Message: Posted by: Jonathan Townsend (Jun 28, 2007 05:02AM)
The item is mine and it "goes by" the name given by the magazine's publisher who is not only still alive but a Café member if you want to contact him...

Try the magazine issue or the hardbound volume if you want that data. I really don't want any of my work (mechanics, not names) made accessible outside it's original or authorized (by ME) published source be it in print or here at the Café or wherever I put the item. Not sure if the Conjuring Arts Center as that magazine indexed yet for online search.

Isn't it a good thing that Google does not yet have indices for our magic magazine articles at ready access?

Or do we want any muggle to find things like the retention to EG, the "Flying Shuttle Pass", the EG2FP transfer etc at a quick search?
Message: Posted by: Mysterioii (Jun 28, 2007 12:49PM)
[quote]
On 2007-06-26 23:19, Jonathan Townsend wrote:
Joshua, your audience member offered the start of some useful feedback.
Can you ask them what specifically gives them that impression about a hollow coin being involved in the routine? Narrow it down to what they see as the telltale and then you have something to consider re-strucurting.[/quote]

Maybe it's something like this:

1. The guy is smart.
2. The guy might not believe in real magic, might have a subscription to Scientific American or the Skeptical Inquirer, or is signed up for Randi's newsletter, or he's an athiest or is in some other way unwilling to believe that you're a deity or sorceror capable of performing true miracles.
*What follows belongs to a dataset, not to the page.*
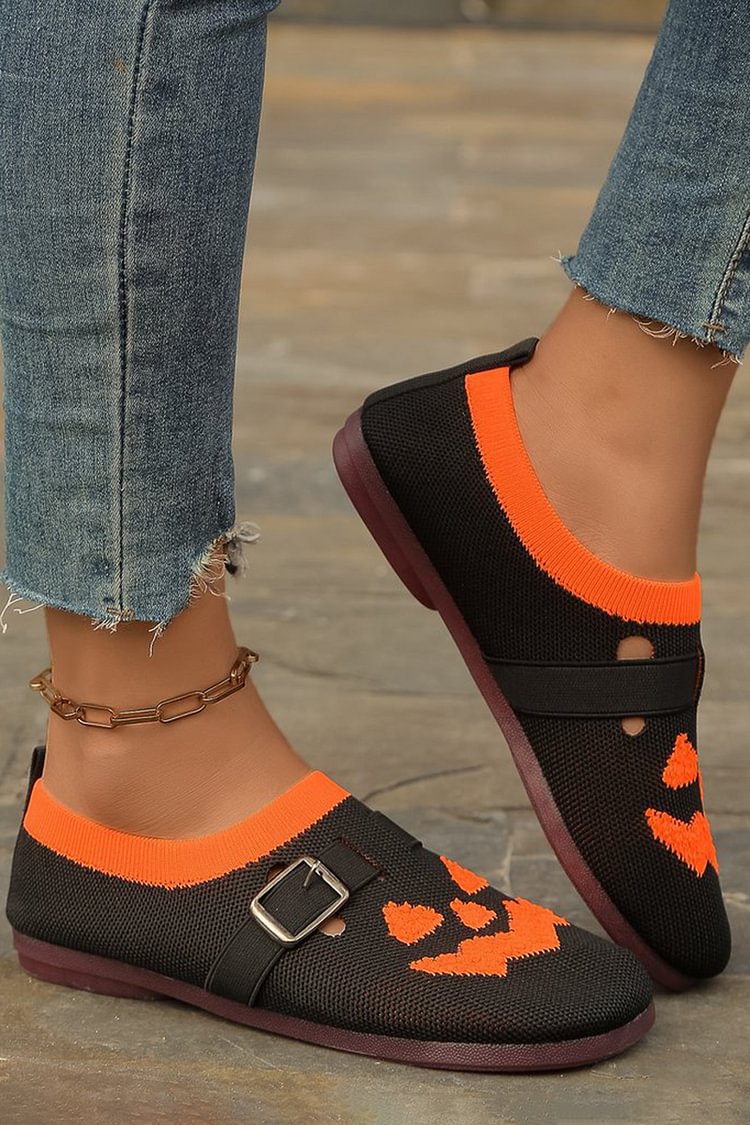 Scarpe basse con punta tonda e cinturino con fibbia e motivo zucca di Halloween colorblock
That being the case, the possible solutions that suggest themselves are: sleight of hand, "some trick device", or a combination of both. I guess perhaps you could feel sleighted that he thought you used a trick coin instead of crediting you with sleight of hand skill. Keep in mind that while he might not "be a magician" he may have had a basic book of magic tricks or two as a kid. A lot of people did... especially intelligent, thinking, curious kids.
Message: Posted by: Jonathan Townsend (Jun 28, 2007 07:29PM)
[quote]
On 2007-06-28 13:49, Mysterioii wrote:...
Maybe it's something like this:

1. The guy is smart.
2. The guy might not believe ...
[/quote]

You can ask them and find out directly if you have rapport with the person and express an honest openness to their opinion and feelings.

I get the best ideas from audience members who feel like sharing what they imagine or desire or believe.